▶ [Task]: Only the lines below from the one with "Used 2025 Toyota 4Runner 4WD image 1" through the one with "5 Mahasiswa Unud Terjebak di Lift Kampus, Beberapa Sesak Napas 5" are to be written out, exactly and without any images.

▶ [Listed records]:
[Start of section]

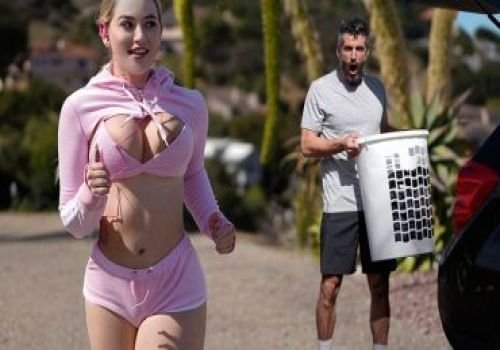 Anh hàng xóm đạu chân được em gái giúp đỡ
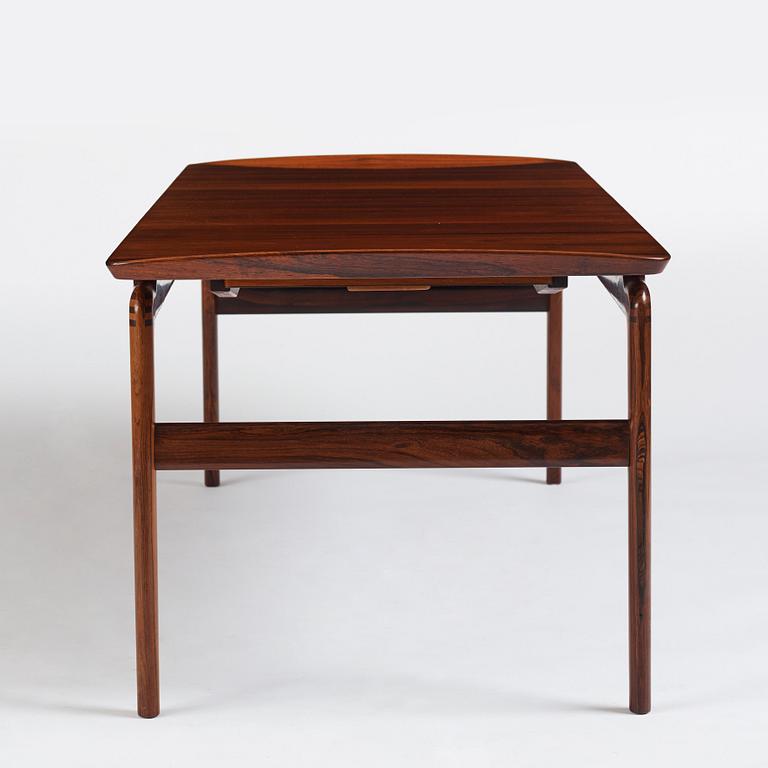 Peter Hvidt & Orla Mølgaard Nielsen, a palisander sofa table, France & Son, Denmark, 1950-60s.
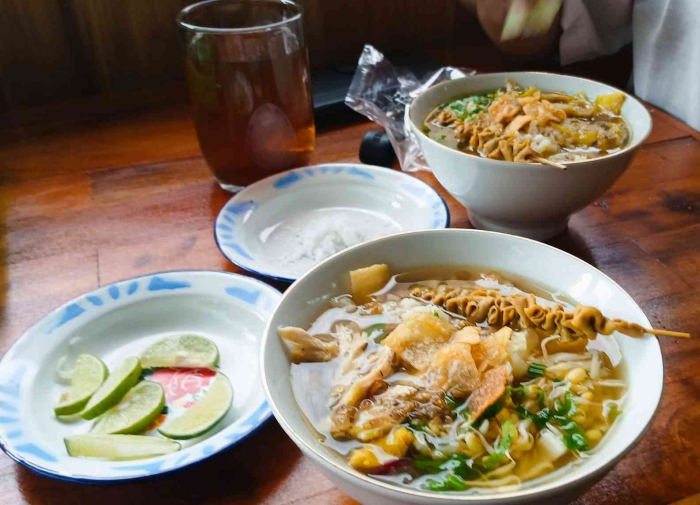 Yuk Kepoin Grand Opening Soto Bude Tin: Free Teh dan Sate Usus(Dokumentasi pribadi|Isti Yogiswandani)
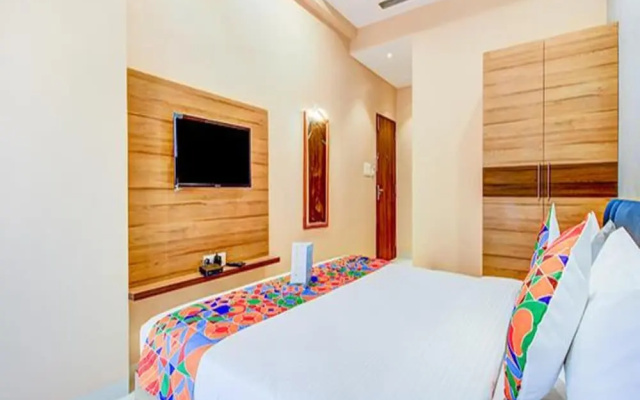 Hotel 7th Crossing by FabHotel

[End of section]
[Start of section]

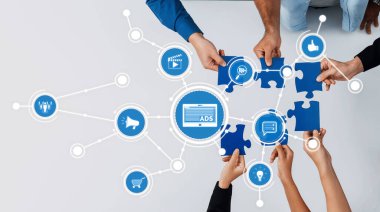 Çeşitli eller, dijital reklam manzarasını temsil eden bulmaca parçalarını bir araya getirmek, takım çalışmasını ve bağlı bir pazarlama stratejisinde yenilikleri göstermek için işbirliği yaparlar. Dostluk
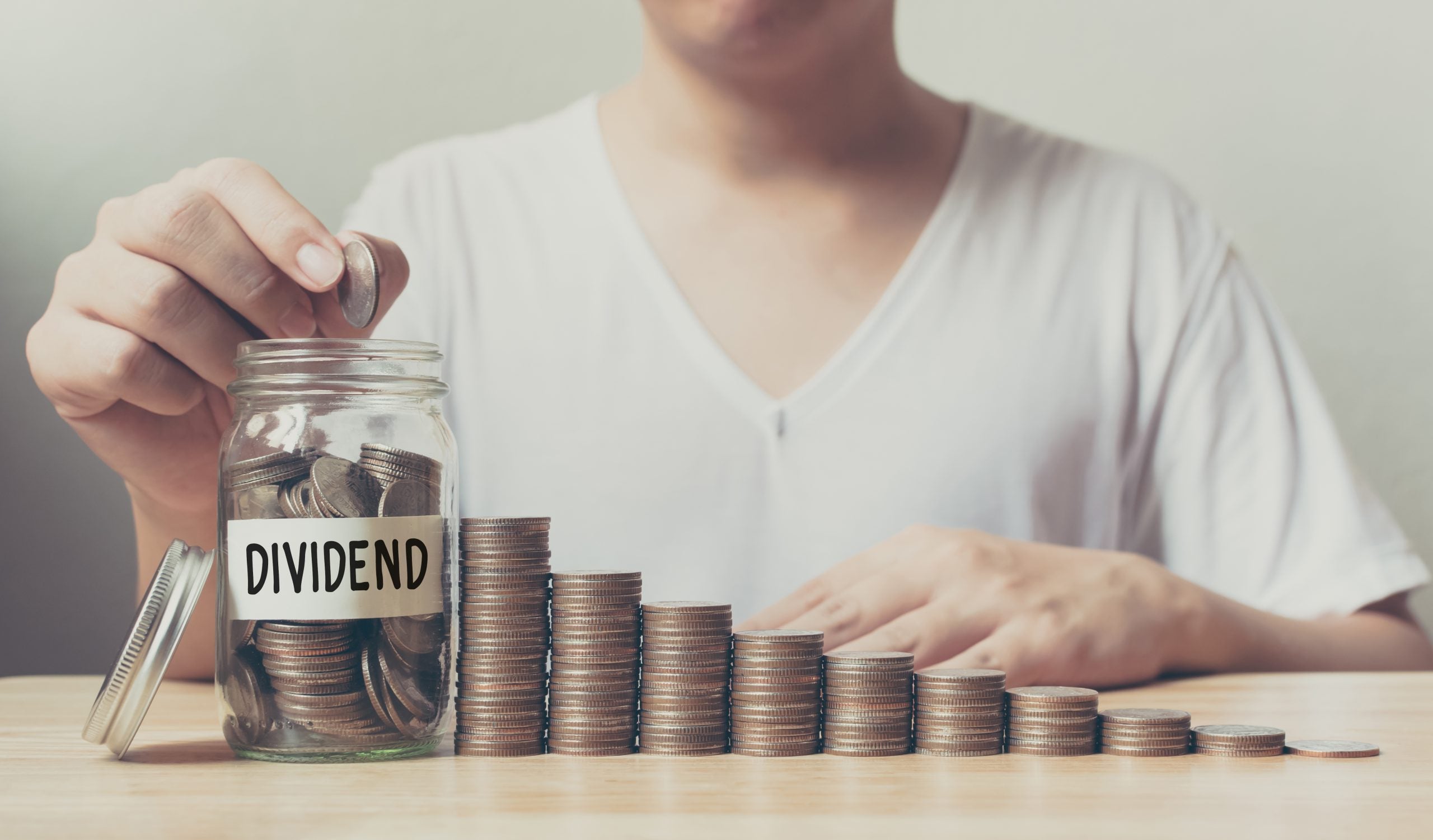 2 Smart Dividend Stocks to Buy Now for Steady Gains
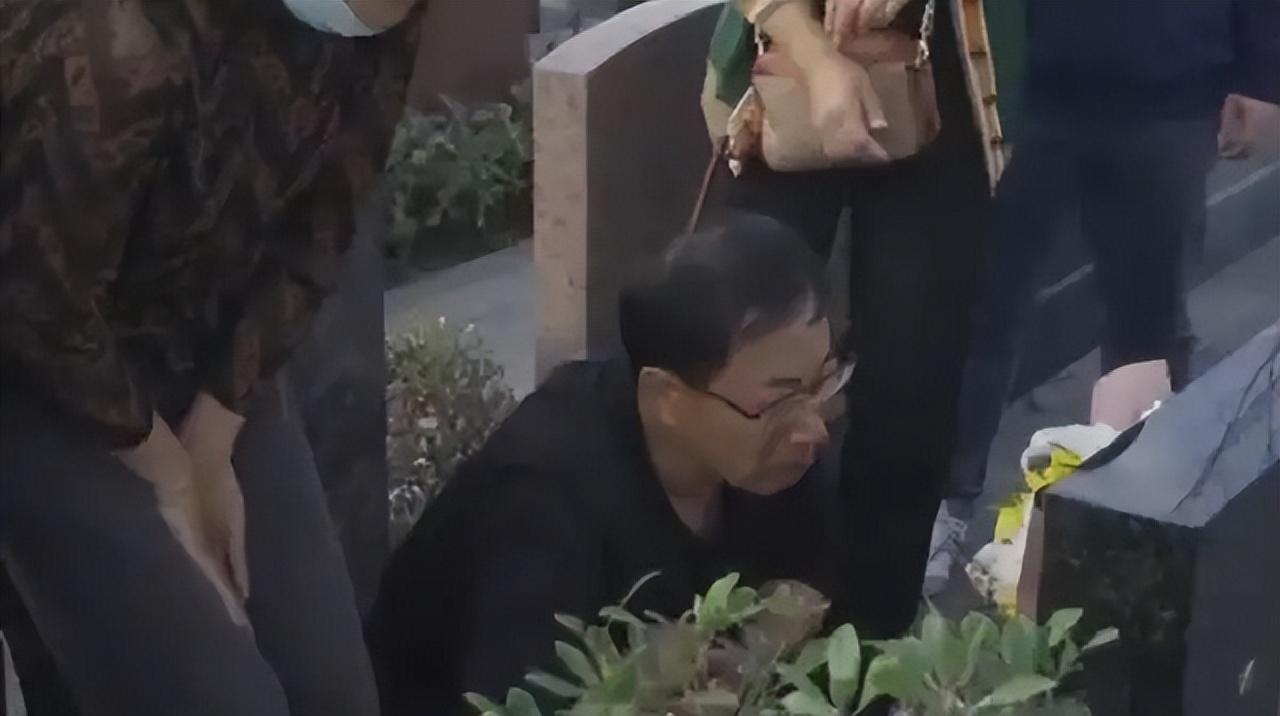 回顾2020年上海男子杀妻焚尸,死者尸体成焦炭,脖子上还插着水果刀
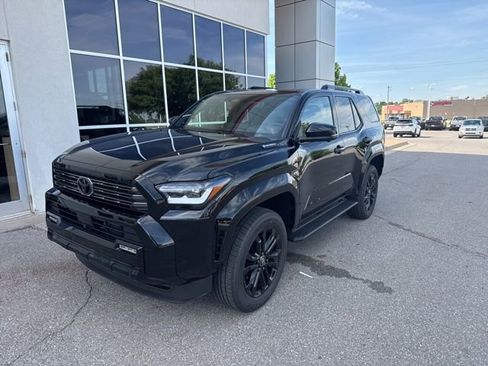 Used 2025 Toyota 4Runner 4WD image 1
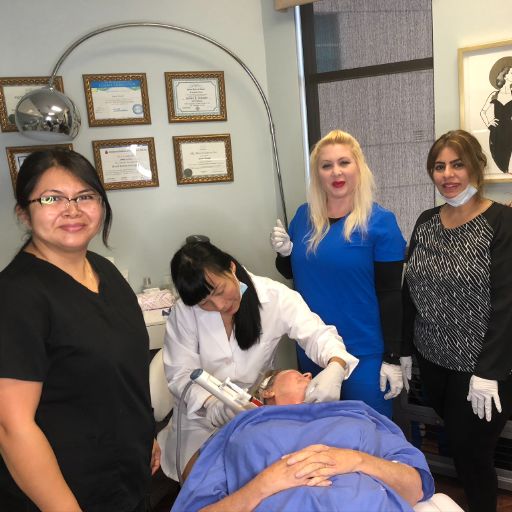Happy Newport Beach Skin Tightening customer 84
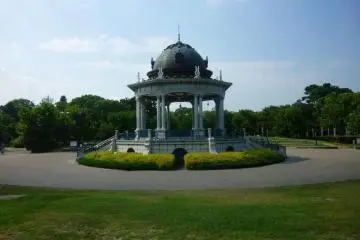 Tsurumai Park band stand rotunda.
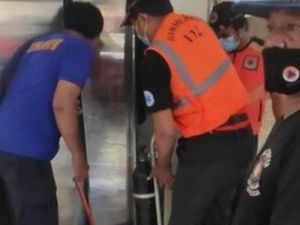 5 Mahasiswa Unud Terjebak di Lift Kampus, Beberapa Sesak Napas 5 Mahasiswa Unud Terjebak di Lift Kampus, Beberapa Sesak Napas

[End of section]
[Start of section]

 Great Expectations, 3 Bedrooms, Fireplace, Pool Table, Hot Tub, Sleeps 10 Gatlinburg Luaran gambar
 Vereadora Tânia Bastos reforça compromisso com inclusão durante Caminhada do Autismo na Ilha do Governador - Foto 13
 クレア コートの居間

[End of section]

▶ [Exercise result]:
 Used 2025 Toyota 4Runner 4WD image 1
Happy Newport Beach Skin Tightening customer 84
 Tsurumai Park band stand rotunda.
 5 Mahasiswa Unud Terjebak di Lift Kampus, Beberapa Sesak Napas 5 Mahasiswa Unud Terjebak di Lift Kampus, Beberapa Sesak Napas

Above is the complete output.